* [TRY IT]: Every entry is to be set down a second time, precisely as written.

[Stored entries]
- - - - -
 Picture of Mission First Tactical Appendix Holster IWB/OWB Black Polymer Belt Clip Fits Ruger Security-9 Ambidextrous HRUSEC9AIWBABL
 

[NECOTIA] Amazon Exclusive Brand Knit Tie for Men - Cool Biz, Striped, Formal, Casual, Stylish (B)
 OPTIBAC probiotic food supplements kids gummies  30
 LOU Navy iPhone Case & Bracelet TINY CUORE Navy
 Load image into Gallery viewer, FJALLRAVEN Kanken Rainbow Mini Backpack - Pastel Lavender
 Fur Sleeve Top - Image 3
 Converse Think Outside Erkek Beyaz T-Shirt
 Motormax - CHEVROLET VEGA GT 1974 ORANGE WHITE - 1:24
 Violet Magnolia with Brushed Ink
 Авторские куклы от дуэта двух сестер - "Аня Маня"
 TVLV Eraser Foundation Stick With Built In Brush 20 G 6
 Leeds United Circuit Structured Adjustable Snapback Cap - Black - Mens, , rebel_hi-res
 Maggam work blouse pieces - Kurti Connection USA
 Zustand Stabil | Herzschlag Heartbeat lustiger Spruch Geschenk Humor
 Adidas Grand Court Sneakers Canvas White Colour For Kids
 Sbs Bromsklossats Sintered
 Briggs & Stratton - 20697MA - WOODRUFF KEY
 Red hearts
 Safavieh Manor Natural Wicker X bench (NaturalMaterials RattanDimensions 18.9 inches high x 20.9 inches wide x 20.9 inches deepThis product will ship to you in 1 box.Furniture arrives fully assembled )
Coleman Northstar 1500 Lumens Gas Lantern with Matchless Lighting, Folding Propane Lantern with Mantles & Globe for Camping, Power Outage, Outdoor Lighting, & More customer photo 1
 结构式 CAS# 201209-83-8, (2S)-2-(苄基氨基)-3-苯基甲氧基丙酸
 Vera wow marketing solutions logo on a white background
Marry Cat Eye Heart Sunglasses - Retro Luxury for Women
- - - - -
* [SOLUTION BELOW]:
 Picture of Mission First Tactical Appendix Holster IWB/OWB Black Polymer Belt Clip Fits Ruger Security-9 Ambidextrous HRUSEC9AIWBABL
 

[NECOTIA] Amazon Exclusive Brand Knit Tie for Men - Cool Biz, Striped, Formal, Casual, Stylish (B)
 OPTIBAC probiotic food supplements kids gummies  30
 LOU Navy iPhone Case & Bracelet TINY CUORE Navy
 Load image into Gallery viewer, FJALLRAVEN Kanken Rainbow Mini Backpack - Pastel Lavender
 Fur Sleeve Top - Image 3
 Converse Think Outside Erkek Beyaz T-Shirt
 Motormax - CHEVROLET VEGA GT 1974 ORANGE WHITE - 1:24
 Violet Magnolia with Brushed Ink
 Авторские куклы от дуэта двух сестер - "Аня Маня"
 TVLV Eraser Foundation Stick With Built In Brush 20 G 6
 Leeds United Circuit Structured Adjustable Snapback Cap - Black - Mens, , rebel_hi-res
 Maggam work blouse pieces - Kurti Connection USA
 Zustand Stabil | Herzschlag Heartbeat lustiger Spruch Geschenk Humor
 Adidas Grand Court Sneakers Canvas White Colour For Kids
 Sbs Bromsklossats Sintered
 Briggs & Stratton - 20697MA - WOODRUFF KEY
 Red hearts
 Safavieh Manor Natural Wicker X bench (NaturalMaterials RattanDimensions 18.9 inches high x 20.9 inches wide x 20.9 inches deepThis product will ship to you in 1 box.Furniture arrives fully assembled )
Coleman Northstar 1500 Lumens Gas Lantern with Matchless Lighting, Folding Propane Lantern with Mantles & Globe for Camping, Power Outage, Outdoor Lighting, & More customer photo 1
 结构式 CAS# 201209-83-8, (2S)-2-(苄基氨基)-3-苯基甲氧基丙酸
 Vera wow marketing solutions logo on a white background
Marry Cat Eye Heart Sunglasses - Retro Luxury for Women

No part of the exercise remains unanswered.